Omit any pictures, and restate word for word only the lines from the one with "autumn in the" through the end of the data below.

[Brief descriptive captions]
= = =
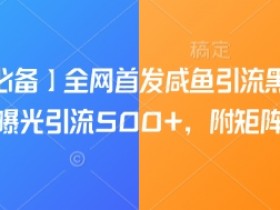 咸鱼引流黑科技：单日曝光500+的矩阵玩法，全网首发揭秘-54创业网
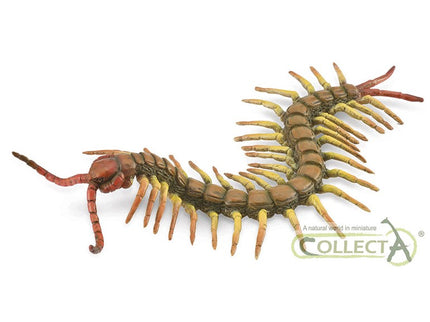 CIENPIES - L - 88885 - COLLECTA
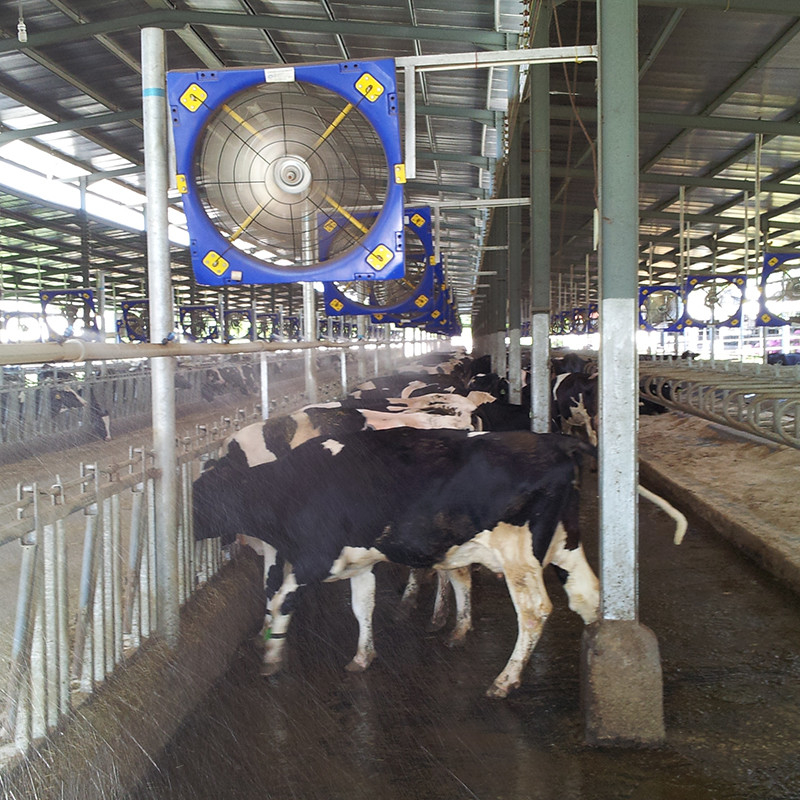 Alta resistencia de doble capa PE ventilador de circulación de ganado 38 Diámetro de la hoja 28273m3/h Flujo de aire 410w Potencia de entrada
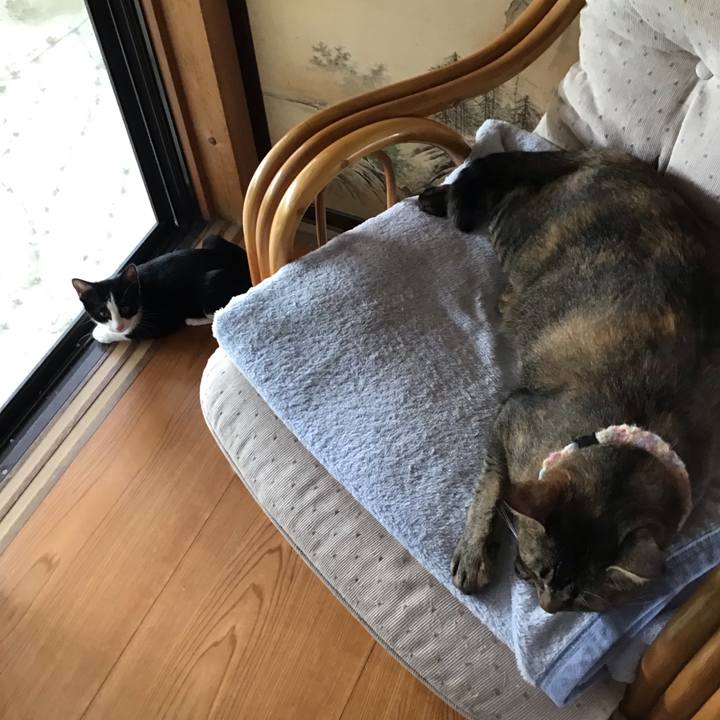 6636b918 f310 49c6 aadd 8e994fd3556d 1627703089390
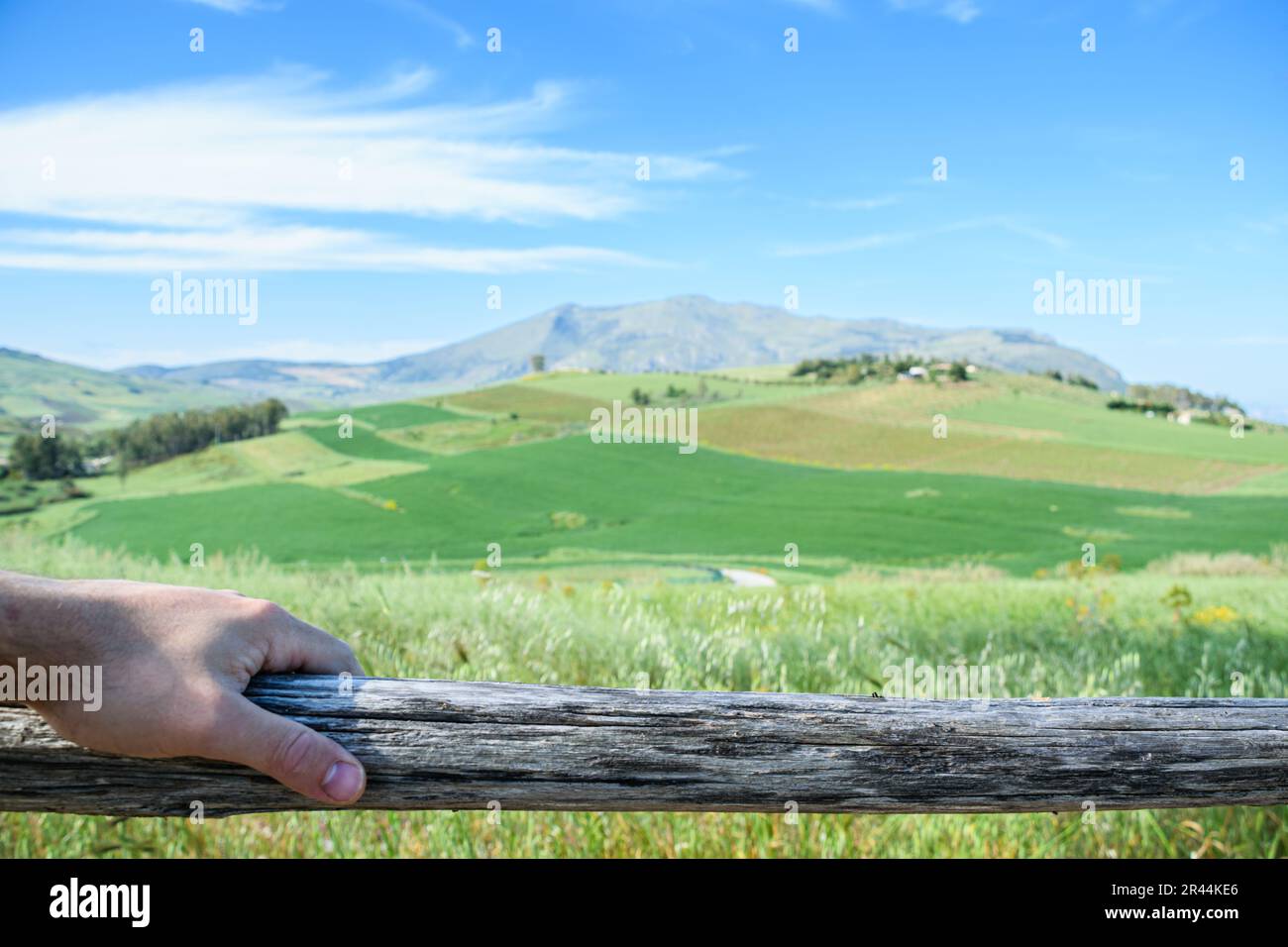 Handgehaltenes Holzgeländer mit wunderschönem Landschaftshintergrund mit Pflanzen Stockfoto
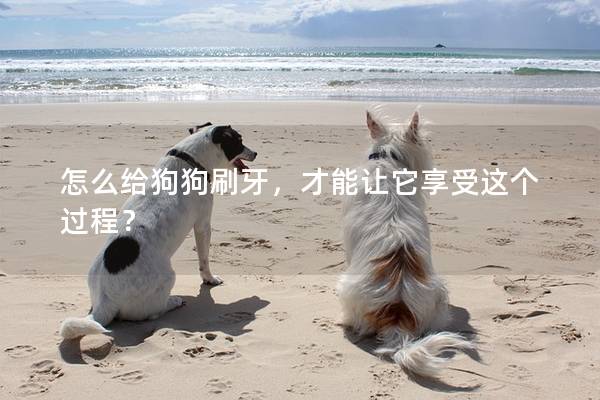 怎么給狗狗刷牙，才能讓它享受這個過程？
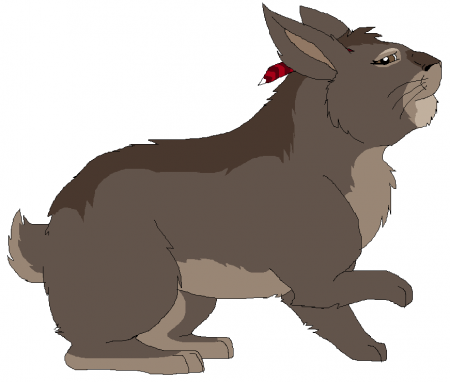 Detail Juniper (DakotaWereWolf)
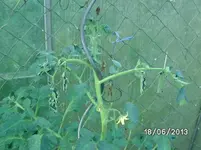 Hitzeschaden (3).webp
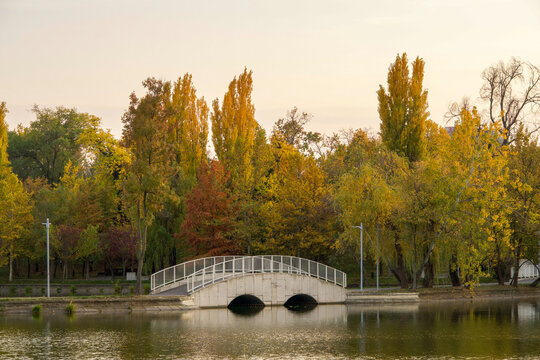 autumn in the park, Bordei Park, Bucharest City, Romania 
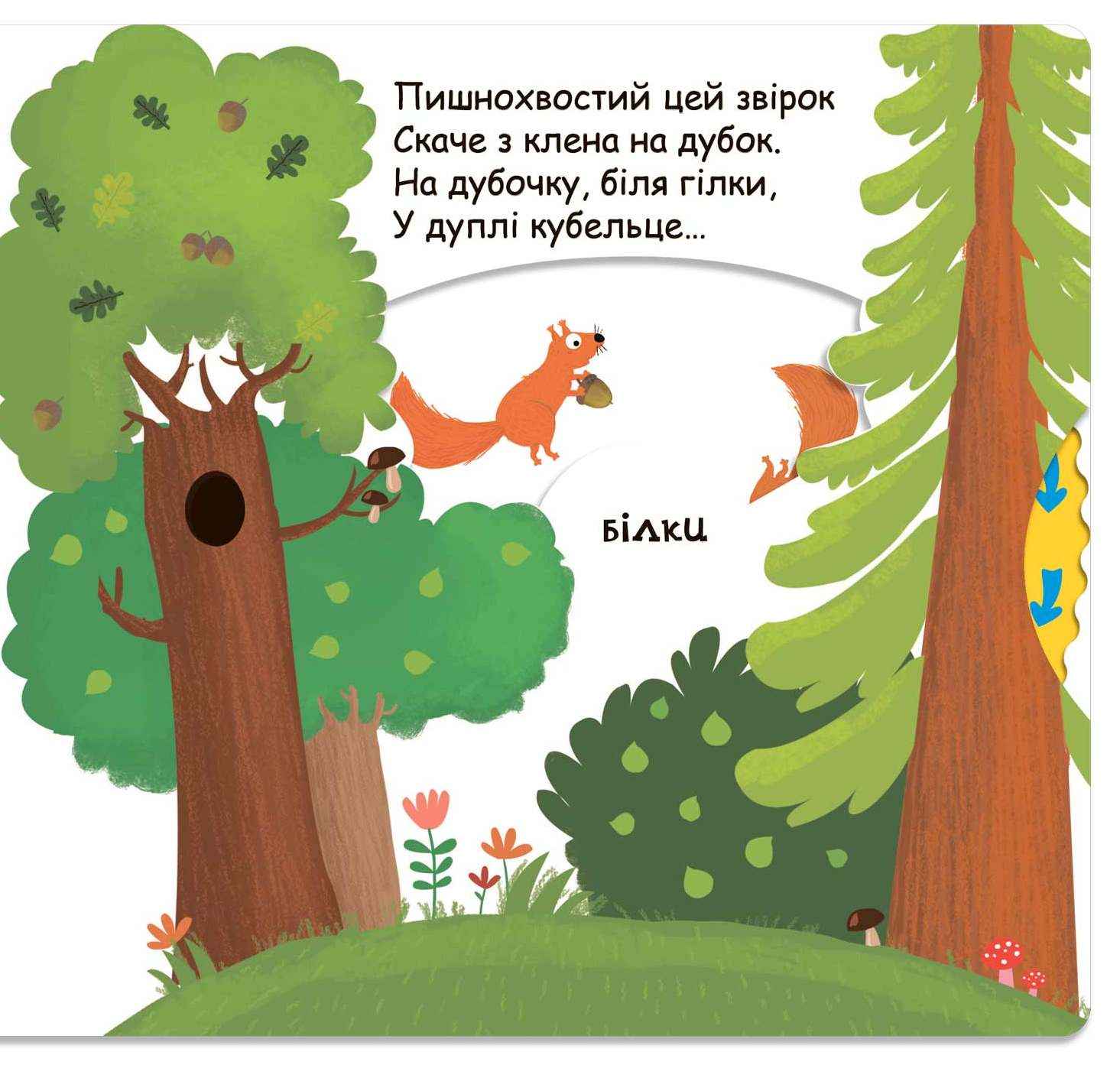 Тварини в лісі Сторінки цікавинки Василь Федієнко Школа - фото 3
= = =
## WRITTEN ANSWER
 autumn in the park, Bordei Park, Bucharest City, Romania 
 Тварини в лісі Сторінки цікавинки Василь Федієнко Школа - фото 3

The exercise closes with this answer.